[Sasha]

Is there equations that i can use to calculate the permanent water hardness in mmol and the mmol of magnesium ions per liter of the water?

[Borek]

Please elaborate, question as posted doesn't make sense.

[DevaDevil]

You beat me to it, Borek;
yeah, if you want to calculate the total amount of Ca²⁺ and Mg²⁺ (most common ions of hard water), you need to know where to start from. What measurement for example.

Also "permanent" hard water is nothing more than hard water after boiling with those doubly charged cations still present. But what is there to calculate? You (We) need more information for a calculation to make sense

[Sasha]

"27.13 ml of 0.01 M EDTA solution was required to reach the end point for titration of  25 ml of the water sample. After boiling and filtering 100 ml of water, the student diluted the filtrate to 100 ml with distilled water. To titrate 25 ml of the diluted filtrate, 26.4 ml of 0.01 M EDTA solution was required. The student precipiated the calcium ion as CaC2CO4 from 75 ml of the water sample and removed the precipiate by filtration. The student then adjusted the water sample volume to 100 ml. to titrate 25 ml of the diluted filtrate , 7.43 ml of 0.01M EDTA solution was required."


calculate the permanent water hardness in terms of total mmol of calcium and magnesium ions.
calculate the number of mmol of magnesium ions per liter of the water.

[chiralic]

Hi Sasha:

Here you can find a Link to get your information about Conversion of different Water Hardness Degree (Permanent o Temporal). It's a table.

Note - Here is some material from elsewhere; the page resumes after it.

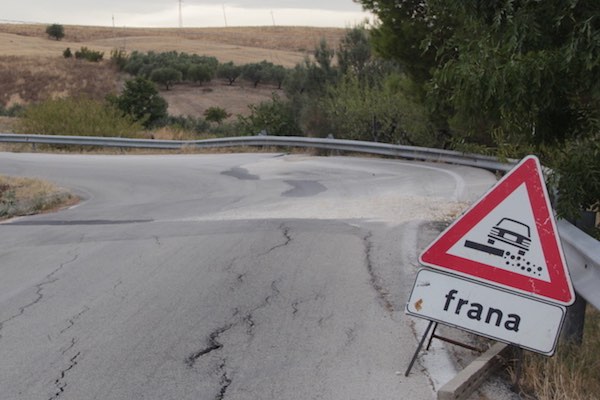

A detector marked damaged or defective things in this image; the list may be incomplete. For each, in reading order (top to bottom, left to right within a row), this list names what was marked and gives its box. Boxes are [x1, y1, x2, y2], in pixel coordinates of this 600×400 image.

cracked asphalt [0, 152, 496, 398] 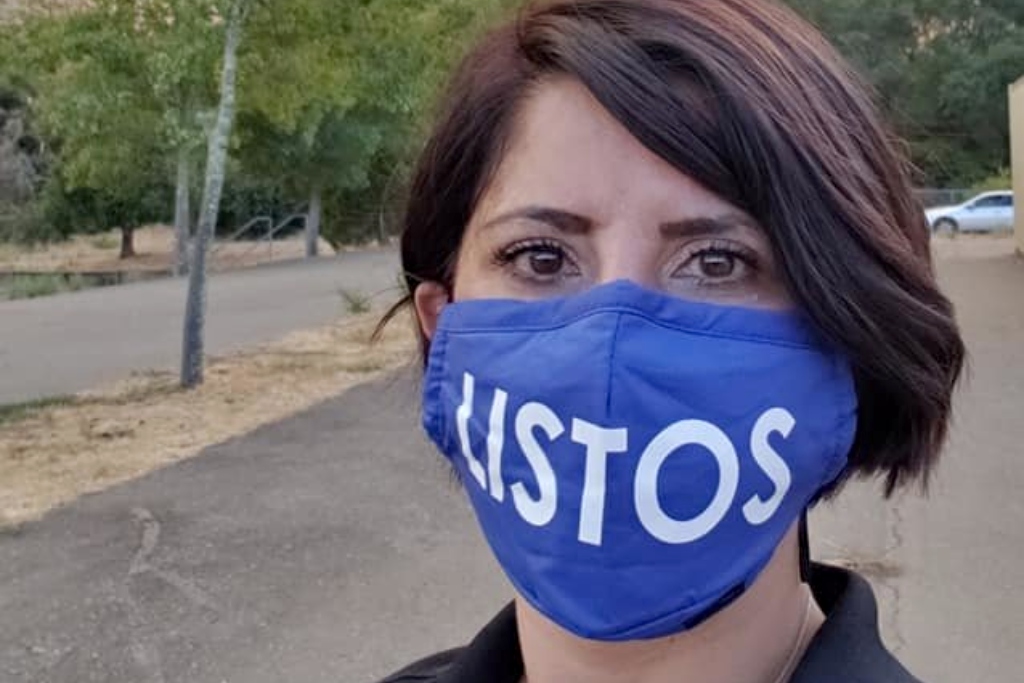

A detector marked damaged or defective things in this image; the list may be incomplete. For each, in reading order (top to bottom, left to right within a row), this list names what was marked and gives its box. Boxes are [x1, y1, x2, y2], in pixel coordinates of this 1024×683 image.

http://www.aqua-correct.com/DK1SKW/uk-waterhardness-tabel.html

My best regards,

Chiralic

[Sasha]

thank you chiralic but i m still a bit confused....

[chiralic]

Hi Sasha:

I don't understand what is your confusion. I understood that you are looking for a equation to CONVERT mg of CaCO3/L or ppm of CaCO3 to mmol/L, I "supposed" that these Conversion Table help you and you know HOW TO calculate the Water Hardness.

Anyway...try this:
http://www.cerlabs.com/experiments/10875404367.pdf

Regards,

Chiralic

[DevaDevil]

ok, for the calculation; 1 mol EDTA forms a complex with 1 mol of cations. 1 ml 0.01M EDTA contains 0.01 mol/l * 0.001 l = 1 x 10^-5 M EDTA


Remember, the filtrate is used in the second titration, those are the compounds that cannot be removed by boiling/filtration. Hence the filtrate is the "permanent" hard water.

100ml was boiled/filtrated, the filtrate filled back up to 100 ml again (no net. dilution), then 25 ml titrated.

26.4ml EDTA was needed = 2.64 x 10^-4 mol.
Assuming the compounds are mainly Ca²⁺ and Mg²⁺, the combined concentrations of these in "permanent" hard water is 2.64 x 10^-4 mol / 25 ml = 0.264 mmol / 25 ml = 0.0106 M = 10.6 mmol/l (choose whatever unit you need

Now the last experiment is done with the Calcium removed, hence the result of the last experiment gives the Mg²⁺ concentration.
Try to calculate this; keeping in mind that for the last one the student did dilute the sample from 75 to 100 ml.